| DATA BLOCK |
■ ■ ■ ■ ■ ■ ■

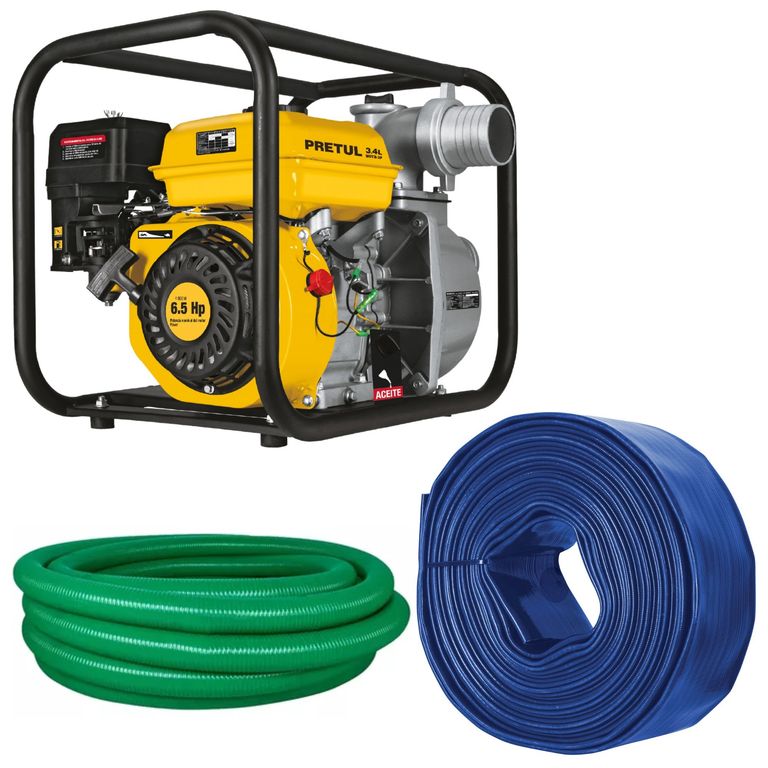 Combo Motobomba 6.5 HP 3"pulg Manguera de succion 6m y salida 25m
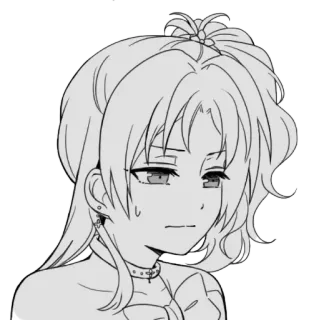 🙃 Anime, menina, expressão, entediada, cansada whatsapp sticker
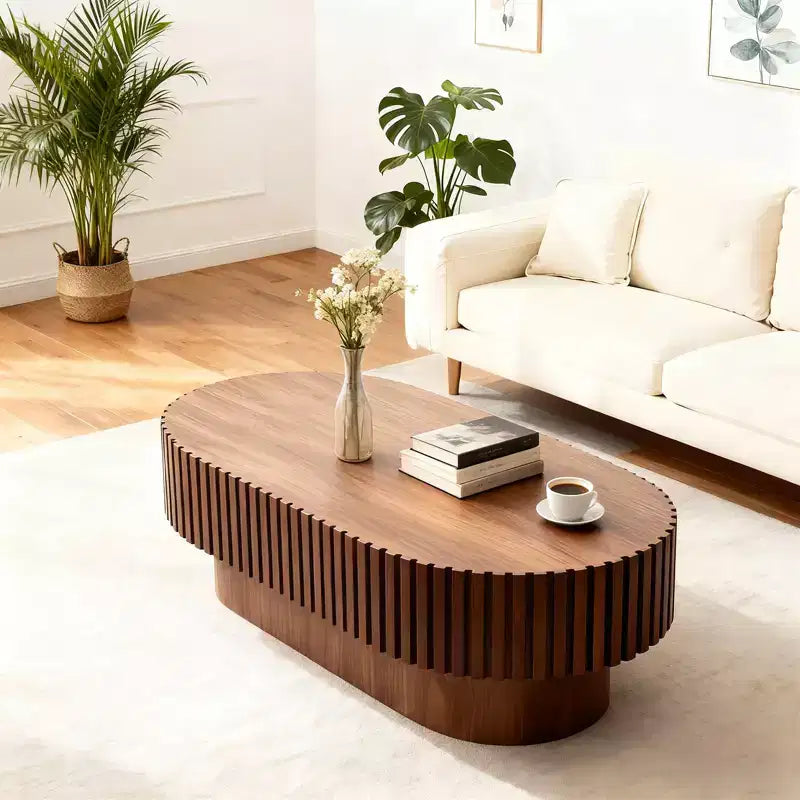 Table Basse Ovale, Piétement Cannelé Mid-Century, Accent Bois pour Salon, Chambre, Appartement, Bureau, Petit Espace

■ ■ ■ ■ ■ ■ ■

| WHAT THE TASK ASKS |
Copy out the lines above unchanged. Skip the images.

| ANSWER BOX |
 Combo Motobomba 6.5 HP 3"pulg Manguera de succion 6m y salida 25m
 🙃 Anime, menina, expressão, entediada, cansada whatsapp sticker
 Table Basse Ovale, Piétement Cannelé Mid-Century, Accent Bois pour Salon, Chambre, Appartement, Bureau, Petit Espace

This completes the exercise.